Reproduce all the entries, matching the original word for word.

BEGIN RECORDS SUPPLIED

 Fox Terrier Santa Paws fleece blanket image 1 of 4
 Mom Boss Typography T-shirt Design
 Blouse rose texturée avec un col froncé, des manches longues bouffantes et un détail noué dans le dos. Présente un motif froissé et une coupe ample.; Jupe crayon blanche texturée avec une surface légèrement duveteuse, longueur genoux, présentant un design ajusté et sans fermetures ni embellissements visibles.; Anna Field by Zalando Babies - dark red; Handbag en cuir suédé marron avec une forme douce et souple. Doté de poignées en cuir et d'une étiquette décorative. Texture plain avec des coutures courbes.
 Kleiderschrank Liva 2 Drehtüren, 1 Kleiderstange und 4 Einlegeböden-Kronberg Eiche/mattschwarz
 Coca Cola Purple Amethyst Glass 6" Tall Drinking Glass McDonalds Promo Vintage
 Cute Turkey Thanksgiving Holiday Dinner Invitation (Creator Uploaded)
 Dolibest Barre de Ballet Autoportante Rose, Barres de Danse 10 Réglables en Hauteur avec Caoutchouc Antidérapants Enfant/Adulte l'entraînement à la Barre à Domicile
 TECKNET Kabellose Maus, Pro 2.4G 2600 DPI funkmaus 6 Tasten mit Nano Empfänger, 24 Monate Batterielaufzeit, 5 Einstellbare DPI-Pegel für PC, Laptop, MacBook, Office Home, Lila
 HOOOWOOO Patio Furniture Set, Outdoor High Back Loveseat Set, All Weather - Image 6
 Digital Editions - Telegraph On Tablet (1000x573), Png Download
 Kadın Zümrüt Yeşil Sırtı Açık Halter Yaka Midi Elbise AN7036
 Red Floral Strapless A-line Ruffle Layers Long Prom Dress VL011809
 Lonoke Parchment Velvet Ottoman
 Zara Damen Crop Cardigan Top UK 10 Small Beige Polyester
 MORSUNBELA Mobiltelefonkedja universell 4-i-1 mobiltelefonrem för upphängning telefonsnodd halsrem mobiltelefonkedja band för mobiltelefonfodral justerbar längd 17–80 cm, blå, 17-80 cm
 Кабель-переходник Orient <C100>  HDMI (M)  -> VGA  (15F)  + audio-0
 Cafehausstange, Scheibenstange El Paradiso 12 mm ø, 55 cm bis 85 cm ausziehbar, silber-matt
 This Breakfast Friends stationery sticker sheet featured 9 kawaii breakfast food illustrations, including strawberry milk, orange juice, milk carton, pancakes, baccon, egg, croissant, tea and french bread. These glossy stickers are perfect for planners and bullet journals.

END RECORDS SUPPLIED

== EXERCISE RESPONSE ==
 Fox Terrier Santa Paws fleece blanket image 1 of 4
 Mom Boss Typography T-shirt Design
 Blouse rose texturée avec un col froncé, des manches longues bouffantes et un détail noué dans le dos. Présente un motif froissé et une coupe ample.; Jupe crayon blanche texturée avec une surface légèrement duveteuse, longueur genoux, présentant un design ajusté et sans fermetures ni embellissements visibles.; Anna Field by Zalando Babies - dark red; Handbag en cuir suédé marron avec une forme douce et souple. Doté de poignées en cuir et d'une étiquette décorative. Texture plain avec des coutures courbes.
 Kleiderschrank Liva 2 Drehtüren, 1 Kleiderstange und 4 Einlegeböden-Kronberg Eiche/mattschwarz
 Coca Cola Purple Amethyst Glass 6" Tall Drinking Glass McDonalds Promo Vintage
 Cute Turkey Thanksgiving Holiday Dinner Invitation (Creator Uploaded)
 Dolibest Barre de Ballet Autoportante Rose, Barres de Danse 10 Réglables en Hauteur avec Caoutchouc Antidérapants Enfant/Adulte l'entraînement à la Barre à Domicile
 TECKNET Kabellose Maus, Pro 2.4G 2600 DPI funkmaus 6 Tasten mit Nano Empfänger, 24 Monate Batterielaufzeit, 5 Einstellbare DPI-Pegel für PC, Laptop, MacBook, Office Home, Lila
 HOOOWOOO Patio Furniture Set, Outdoor High Back Loveseat Set, All Weather - Image 6
 Digital Editions - Telegraph On Tablet (1000x573), Png Download
 Kadın Zümrüt Yeşil Sırtı Açık Halter Yaka Midi Elbise AN7036
 Red Floral Strapless A-line Ruffle Layers Long Prom Dress VL011809
 Lonoke Parchment Velvet Ottoman
 Zara Damen Crop Cardigan Top UK 10 Small Beige Polyester
 MORSUNBELA Mobiltelefonkedja universell 4-i-1 mobiltelefonrem för upphängning telefonsnodd halsrem mobiltelefonkedja band för mobiltelefonfodral justerbar längd 17–80 cm, blå, 17-80 cm
 Кабель-переходник Orient <C100>  HDMI (M)  -> VGA  (15F)  + audio-0
 Cafehausstange, Scheibenstange El Paradiso 12 mm ø, 55 cm bis 85 cm ausziehbar, silber-matt
 This Breakfast Friends stationery sticker sheet featured 9 kawaii breakfast food illustrations, including strawberry milk, orange juice, milk carton, pancakes, baccon, egg, croissant, tea and french bread. These glossy stickers are perfect for planners and bullet journals.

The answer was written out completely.